OPENING RECEPTION: 1ST THURSDAY, FEBRUARY 6, 2014, FROM 5 - 8PM
Sullivan Goss announces ANYA FISHER: The Freedom to Paint, an exhibition of paintings from the late 1950s to the mid 1980s from the Estate of Pasadena bohemian, Anya Fisher.
Born in Odessa, Russia in 1905 to an affluent family, the young Anya Fisher showed precocious gifts for music. When the Bolshevik Revolution came to Odessa, Anya barely escaped with her life. Her father was not so fortunate. Relocating to Minnesota, Anya focused her energies again on her piano studies, only to abandon the whole endeavor when financial difficulties kept her from pursuing her art at the collegiate conservatory level. Instead, she married a man who was well off in Manhattan, using her spare time to explore the artistic subculture of Greenwich Village in the years of the Great Depression. Finding the marriage oppressive, Fisher eventually divorced.

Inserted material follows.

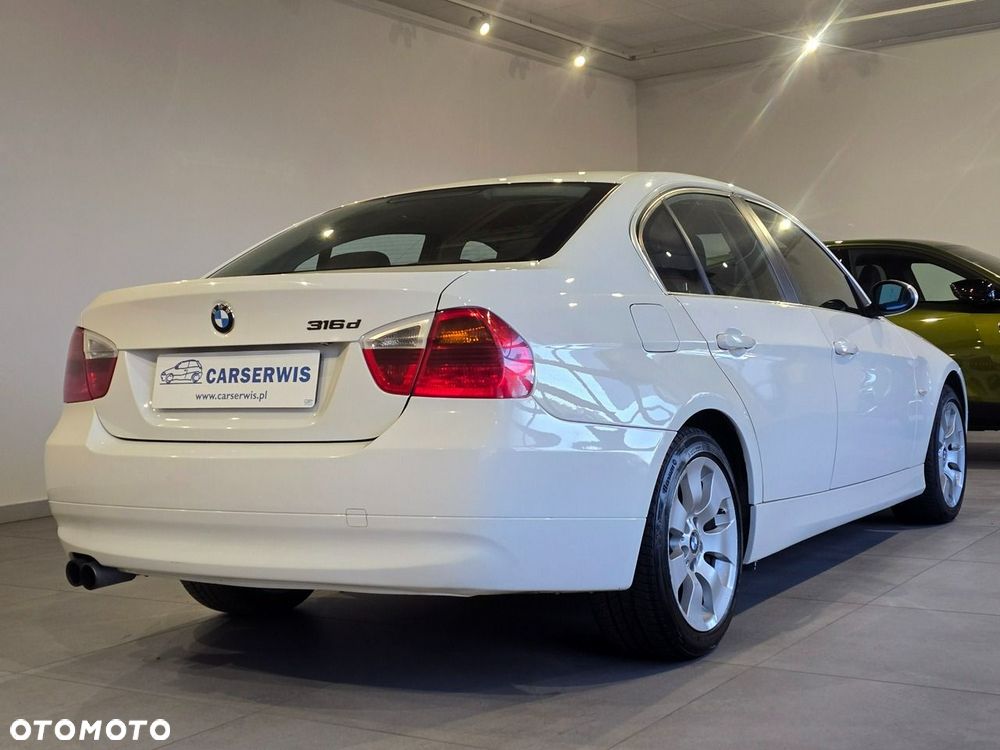 BMW Seria 3 - 10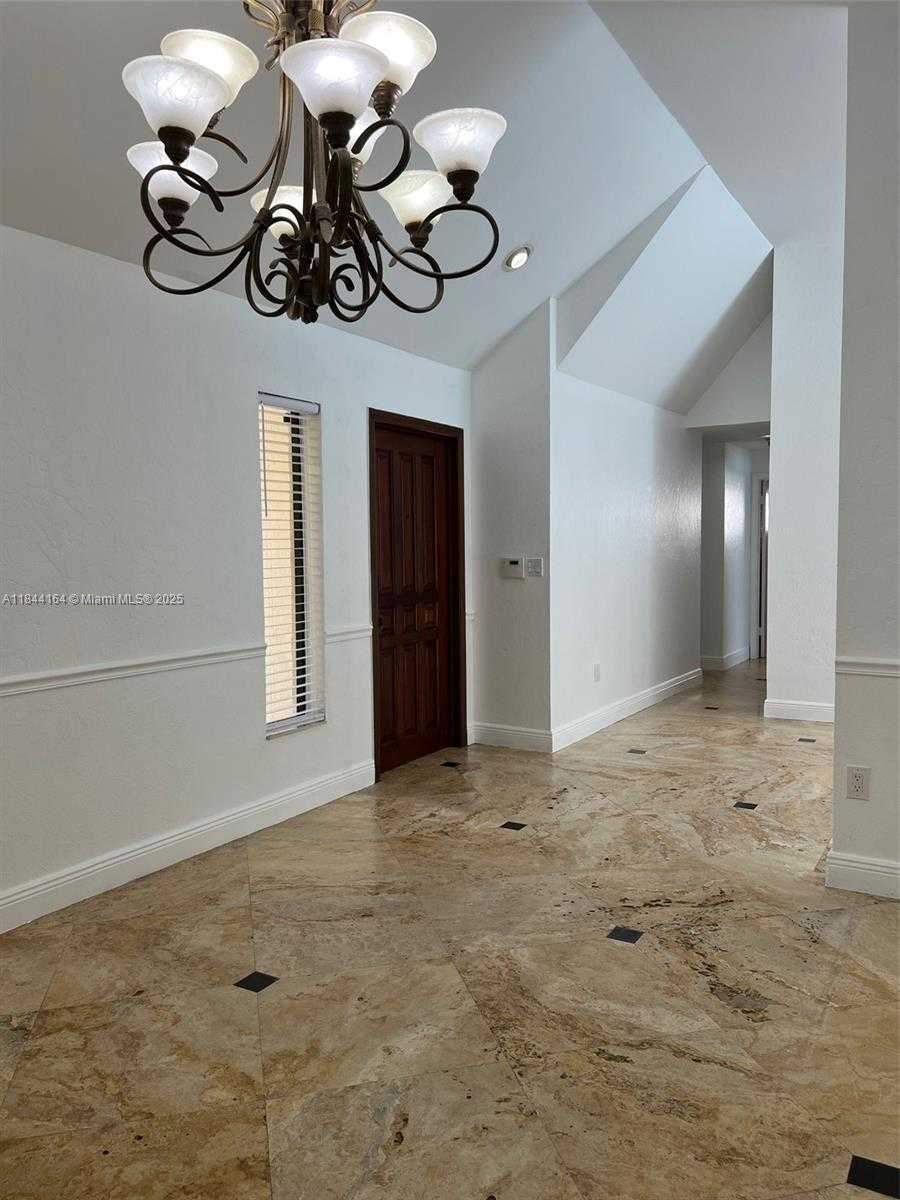Small Image of 10511 SOUTH WEST 145TH CT, Miami Number 5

Moving to the West Coast, Anya settled in San Francisco, where she wrote art reviews for the San Francisco Chronicle. Eventually, she remarried to a man named Eddie Fisher and settled in Pasadena. Studying privately with Rico Lebrun as well as at the Jepson Art Institute, Anya developed rapidly. Eventually, she went to Paris to study at the Academie Grand Chaumiere.
Opportunities for women were scant in the art world of the early 1950s. They were even worse for artists working in an abstract tradition in the relatively conservative environs of Pasadena. Still, Anya followed her own path. There was no longer an oppressive husband to deny her her dream. Nor was her lot cast with the Russian artists who were denied an opportunity to paint outside the state sanctioned style.
Showing at such prestigious venues at Esther Robles Gallery, the Pasadena Art Museum, and the Santa Barbara Museum of Art, Anya found success. In her senior years, she met a young English teacher who was destined to open a major American gallery, Frank Goss. When Sullivan Goss opened now 30 years ago, its first exhibition for a living artist was for Anya Fisher. Her freedom to paint became the gallery’s encouragement to engage with contemporary art.